Farm Workers Try to Revive Chavez's Cause

A UFW march this month commemorates the past in face of lower union membership

MANUEL DELGADO was among the farm workers who joined Cesar Chavez 28 years ago on a 330-mile march up California's Central Valley to champion the cause of the agrarian worker.

Now, nearing 70, Mr. Delgado is donning a pair of scuffed boots and making the trek again - past fields of plums and oranges and grapes that he helped harvest for 53 years - in hopes of improving conditions for a new generation.

``Wages have gone up 50 cents in 10 years,'' he says, the staff of a red-and-black union flag wedged in his back pocket. ``There is no way people can live like that.''

Mr. Delgado is part of an attempt by the United Farm Workers (UFW), once one of the most dynamic and controversial union movements in America, to commemorate its past and become a force again in the future.
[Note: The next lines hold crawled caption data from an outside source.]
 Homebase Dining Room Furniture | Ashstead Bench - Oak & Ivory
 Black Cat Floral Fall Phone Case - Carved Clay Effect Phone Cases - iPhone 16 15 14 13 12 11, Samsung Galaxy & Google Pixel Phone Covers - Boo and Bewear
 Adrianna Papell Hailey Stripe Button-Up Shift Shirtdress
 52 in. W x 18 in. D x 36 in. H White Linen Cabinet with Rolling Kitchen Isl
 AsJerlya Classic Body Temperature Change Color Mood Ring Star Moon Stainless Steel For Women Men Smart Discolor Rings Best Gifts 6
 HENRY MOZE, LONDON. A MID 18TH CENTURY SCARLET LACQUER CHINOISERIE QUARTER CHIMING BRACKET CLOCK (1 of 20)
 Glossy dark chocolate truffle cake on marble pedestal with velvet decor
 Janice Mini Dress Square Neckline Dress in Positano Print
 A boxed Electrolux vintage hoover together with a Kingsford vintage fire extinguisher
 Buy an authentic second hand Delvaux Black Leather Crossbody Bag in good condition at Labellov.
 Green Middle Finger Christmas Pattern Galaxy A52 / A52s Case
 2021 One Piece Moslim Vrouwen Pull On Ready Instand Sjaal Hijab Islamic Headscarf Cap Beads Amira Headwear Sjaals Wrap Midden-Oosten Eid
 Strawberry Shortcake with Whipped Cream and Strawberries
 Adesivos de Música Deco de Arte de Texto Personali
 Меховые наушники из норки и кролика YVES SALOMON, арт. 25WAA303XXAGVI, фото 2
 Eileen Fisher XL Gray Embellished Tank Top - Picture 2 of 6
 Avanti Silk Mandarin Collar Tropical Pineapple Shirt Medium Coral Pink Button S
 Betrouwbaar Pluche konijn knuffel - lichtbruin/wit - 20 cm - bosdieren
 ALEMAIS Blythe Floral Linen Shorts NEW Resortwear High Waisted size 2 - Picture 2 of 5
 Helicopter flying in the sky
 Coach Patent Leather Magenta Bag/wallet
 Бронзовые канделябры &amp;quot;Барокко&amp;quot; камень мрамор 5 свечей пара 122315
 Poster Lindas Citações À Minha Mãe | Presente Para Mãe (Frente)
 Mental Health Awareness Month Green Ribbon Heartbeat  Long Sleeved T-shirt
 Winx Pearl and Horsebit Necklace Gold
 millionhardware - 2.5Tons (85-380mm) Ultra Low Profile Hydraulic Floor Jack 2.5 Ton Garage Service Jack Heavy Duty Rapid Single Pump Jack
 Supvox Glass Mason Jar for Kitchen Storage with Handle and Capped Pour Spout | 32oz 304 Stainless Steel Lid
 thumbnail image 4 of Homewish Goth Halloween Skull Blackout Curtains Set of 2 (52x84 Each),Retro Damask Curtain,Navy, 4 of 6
One year after the death of its founder, the UFW is retracing the path of its seminal 1966 march to honor Mr. Chavez and to rededicate itself to improving life in the fields.

It won't be easy.

Unions in general are struggling to attract members, and as the UFW goes back to emphasizing organizing, it faces competition from other labor groups moving in amid the cabbage and cucumbers.

``The UFW has certainly been the single most important influence on farm labor rights in my lifetime,'' says Don Villarejo, executive director of the California Institute for Rural Studies in Davis, a private nonprofit group. ``But there are very large factors at work that make it difficult to organize now.''

The march that began at the tiny UFW compound in Delano, Calif., will move up the spine of the Central Valley, the world's most productive vegetable garden, to Sacramento, where it is scheduled to end April 23.

On the eight day of the march, some 300 marchers enter this small community 200 miles north of Los Angeles at the end of another 18-mile trek. With the sun hot overhead and feet complaining underneath, the group moves down the blacktop in a thin line, waving UFW banners, clutching pictures of Chavez, and shouting ``It can be done!''

Marchers welcomed

In a town overwhelmingly Hispanic and predominantly made up of farm laborers, the welcome is enthusiastic. Kids wave from the windows of clapboard houses. Townsfolk prepare tortillas, beans, and rice for a community dinner. The mayor and other local officials greet the marchers under a mulberry tree in Earl Ruth Park.

``To residents, this is just as important as a presidential visit,'' says Armando Lopez, Parlier's vice mayor. ``Cesar Chavez was our hero - and continues to be.''

That may be part of the point. The UFW would like to revive some of the magic of an earlier era. But memorials alone are not enough, and even Chavez, the field hand with the seventh-grade education who went on to become a national symbol, was not considered much of a force in California agriculture in later years.

The march represents a shift in strategy by the UFW. In the 1980s the union, feeling stymied by the state Agricultural Labor Relations Board (ALRB), decided to emphasize a national grape boycott over organizing workers. It believed the board, which oversees the state's collective-bargaining law, had become pro-grower under two successive Republican administrations in Sacramento.

Now the union is going back to the fields, fighting to see that existing contracts are enforced and pushing for new ones. The boycott will continue. It just won't be the centerpiece of the union's efforts. UFW leaders insist this ``second wave'' was what Chavez wanted.

Further Chavez's work

``This is a recommitment on all of our parts to carry on Cesar's work,'' says Arturo Rodriguez, Chavez's son-in-law and successor, strolling along in a T-shirt (``Pilgrimage 94''). ``We want to go directly to communities and workers and invite them to become part of the organization.''

In its heyday in the 1970s, the UFW counted more than 100,000 members. Now it has about 22,000. It once had contracts with 80 percent of the grape growers in the San Joaquin Valley. Now it has a handful among all growers.

Since 1990, according to the ALRB, the UFW has won two certification elections - and twice had its representation repealed. Even growers view the union with little more than bemusement.

``We view the march as an attempt at publicity more than anything else,'' says Bob Krauter, who is with the 75,000-member California Farm Bureau.

Growers call the grape boycott a ``colossal failure'' and doubt the union will have success in the fields. ``It is a big dice roll,'' says Bruce Obbink, president of the California Table Grape Commission, a marketing group. ``What they are trying to do is get back into the field after abandoning it for 15 years.''

UFW leaders, who have heard all the naysaying before, believe the time is ripe for an organizing revival. They cite deteriorating conditions on the farm: low wages, humiliating treatment, sexual harassment of women workers, no toilets or water in many fields - accusations farmers refute.

The UFW has signed up 8,000 ``associate members'' in the past year and has garnered pledges of support from 3,000 others during the march.

Countervailing forces exist, though. The UFW faces competition from local Teamsters and other agricultural unions. An anti-immigrant mood is pervasive in the land, and some young workers coming up from Mexico aren't familiar with the UFW's legacy.